Founder Frank Lau said: "Seoul Yummy would hit a plateau of 12 outlets in Singapore in the next two to three years, so we hope to continue to grow the brand overseas."
The markets under consideration include Australia, China, Indonesia and Malaysia, which the firm prioritises owing to its proximity to Singapore and lower cost of operation.
It intends to "refresh" the Seoul Yummy brand later this year with a new logo and brand positioning.
Gratify Group - which also runs Omoomodon eatery - tapped a government grant last year to develop a franchising model which it will use for Indonesia and Australia.
For Malaysia, the firm plans to go there on its own but has faced difficulties in getting reasonable deals due to its weak brand awareness, the lack of a local network as well as resource constraints.
"It is not easy to find people who are willing to station themselves in a foreign land and fight for you, especially for SMEs... You also need enough cash to build a good buffer against initial set-up costs and any potential risk," Mr Lau told The Straits Times.
These challenges were highlighted in the recent report by the Committee on the Future Economy, which is recommending more support to help companies internationalise and to spur more people to take up overseas postings.

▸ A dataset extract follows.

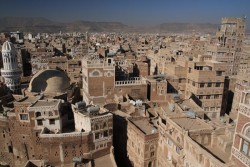 Les autorités houthies soutenues par l’Iran à Sanaa, au Yémen, ont pris pour cible samedi une vingtaine de bahá’ís avec une série d’accusations sans fondement. (Photo par yeowatzup, accessible via Wikimedia Commons)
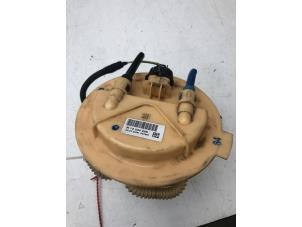 Used Electric fuel pump Opel Astra H (L48) 1.7 CDTi 16V Price € 45,00 Margin scheme offered by Autobedrijf G.H. Wessel B.V.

The Association of Small and Medium Enterprises (Asme) suggests rolling out more programmes to train SME staff to work abroad.
Asme president Kurt Wee said: "There is a need to look at the possibility of a training incubation and wage support scheme for maybe 18 to 24 months for companies that want to (venture) overseas."
Such training could include nurturing a deeper understanding of labour union matters, employment rules, taxation and overseas customs, given that the business environment differs markedly from country to country.
To encourage firms to explore foreign markets, Mr Wee recommends a temporary broad-based SME internationalisation grant, which can help to defray about 50 per cent of the cost of overseas business trips .
Mr Wee said: "Let's say you give a firm $6,000 in grant - that equates to $12,000 worth of travel. In the Asean context, that's four to five trips a year. Imagine the impact when the whole SME ecosystem make that extra four or five trips to do business development."
A Singapore Business Federation (SBF) survey last year found that eight in 10 firms are keen to venture into Asean, but many are not aware of the opportunities arising from the Asean Economic Community.
SBF chief executive Ho Meng Kit said companies need more support in identifying suitable business partners and have greater access to comprehensive market information.
Mr Ho added: "We recommend more opportunities in terms of government procurement projects to our local businesses, so that they can build their track record for internationalisation and growth."
In the same vein, Mr Wee hopes big local firms abroad have a "national preference" for Singapore SMEs in project tenders.
These suggestions are on top of IE Singapore's various schemes to help firms set up abroad, including the Market Readiness Assistance grant and Global Company Partnership grant.
The agency said it provided broad-based assistance to 28,000 companies in 2014 and 34,000 in 2015. Figures for last year will be released later this week.
IE Singapore also has 35 offices worldwide that provide market information to firms and help them navigate the overseas market.